VerfassungsgeschichteVerfassungsvergleichVerfassungsrechtRechtsphilosophie
UebersichtWho-is-WhoBundesgerichtBundesverfassungsgerichtVolltextsuche...

Informationen zum Dokument  BGer 6B_775/2008  Materielle Begründung
Druckversion | Cache | Rtf-Version

Bearbeitung, zuletzt am 16.03.2020, durch: DFR-Server (automatisch)  
 
BGer 6B_775/2008 vom 12.11.2008
 
Bundesgericht
 
Tribunal fédéral
 
Tribunale federale
 
{T 0/2}
 
6B_775/2008/sst
 
Urteil vom 12. November 2008
 
Strafrechtliche Abteilung
 
Besetzung
 
Bundesrichter Schneider, Präsident,
 
Bundesrichter Zünd, Mathys,
 
Gerichtsschreiber Monn.
 
Parteien
 
X.________,
 
Beschwerdeführer, vertreten durch Advokat Sebastian Laubscher,
 
gegen
 
Y.________, vertreten durch Rechtsanwalt Kaspar Hemmeler,
 
Z.________, vertreten durch Rechtsanwalt
 
Dr. Roland Müller,
 
Richteramt Dorneck-Thierstein, Amthausstrasse 15, 4143 Dornach 1, Beschwerdegegner.
 
Gegenstand
 
Schadenersatz und Genugtuung; Kostenvorschuss,
 
Beschwerde gegen den Beschluss des Obergerichts des Kantons Solothurn, Strafkammer, vom 5. September 2008.
 
Das Bundesgericht zieht in Erwägung:
 
1.
 
Im angefochtenen Entscheid wurde auf einen Rekurs nicht eingetreten, weil der Beschwerdeführer den Kostenvorschuss von Fr. 500.-- verspätet geleistet habe. Die Vorinstanz stellte fest, die Frist sei am 18. August 2008 abgelaufen, der Vorschuss indessen erst am 20. August 2008 bezahlt worden (angefochtener Entscheid S. 2). Der Beschwerdeführer reicht vor Bundesgericht indessen einen Empfangsschein der Post ein, woraus sich ergibt, dass er der Zentralen Gerichtskasse Solothurn am 18. August 2008 einen Betrag von Fr. 500.-- überwiesen hat (Beschwerdebeilage 7). Die Vorinstanz anerkennt in ihrer Vernehmlassung ans Bundesgericht, dass der angefochtene Beschluss auf einem Irrtum beruht (act. 6).

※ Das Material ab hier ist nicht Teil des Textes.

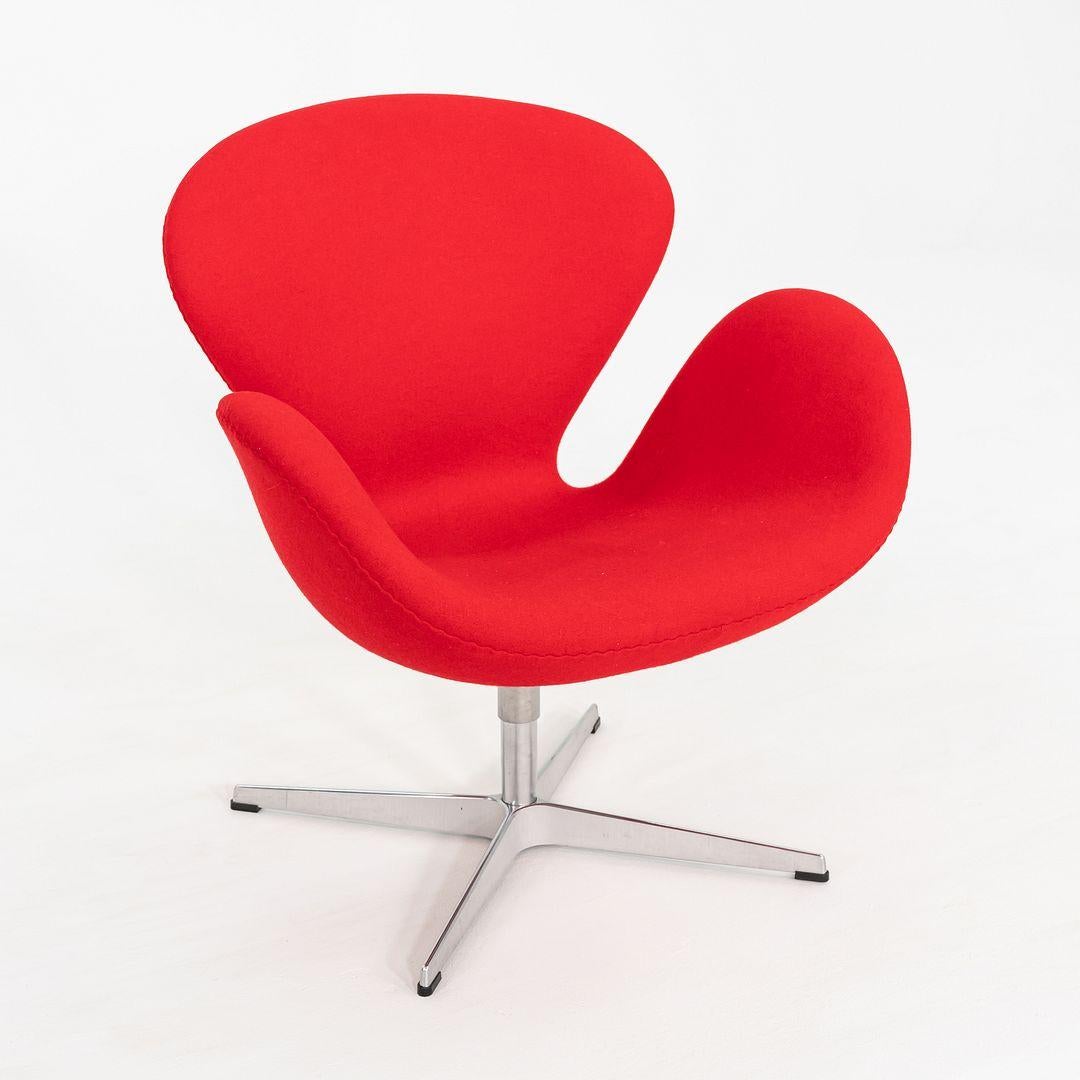 XXIe siècle et contemporain 2008 Arne Jacobsen for Fritz Hansen Swan Lounge Chair in Red Fabric 3x Disponible en vente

Die Beschwerdegegner opponieren dieser Darstellung nicht (act. 11 und 12). Folglich ist die Beschwerde begründet. Sie ist im Verfahren nach Art. 109 Abs. 2 lit. b BGG gutzuheissen und der angefochtene Entscheid aufzuheben.
 
2.
 
Bei diesem Ausgang des Verfahrens sind keine Kosten zu erheben. Der Beschwerdeführer ist zu Lasten des Kantons Solothurn angemessen zu entschädigen (Art. 68 BGG).
 
Demnach erkennt das Bundesgericht:
 
1.
 
Die Beschwerde wird gutgeheissen und der Beschluss des Obergerichts des Kantons Solothurn vom 5. September 2008 aufgehoben.
 
2.
 
Es werden keine Kosten erhoben.
 
3.
 
Der Kanton Solothurn hat dem Beschwerdeführer für das bundesgerichtliche Verfahren eine Parteientschädigung von Fr. 2'000.-- zu bezahlen.
 
4.
 
Dieses Urteil wird den Parteien und dem Obergericht des Kantons Solothurn, Strafkammer, schriftlich mitgeteilt.
 
Lausanne, 12. November 2008
 
Im Namen der Strafrechtlichen Abteilung
 
des Schweizerischen Bundesgerichts
 
Der Präsident: Der Gerichtsschreiber:
 
Schneider Monn
 
© 1994-2020 Das Fallrecht (DFR).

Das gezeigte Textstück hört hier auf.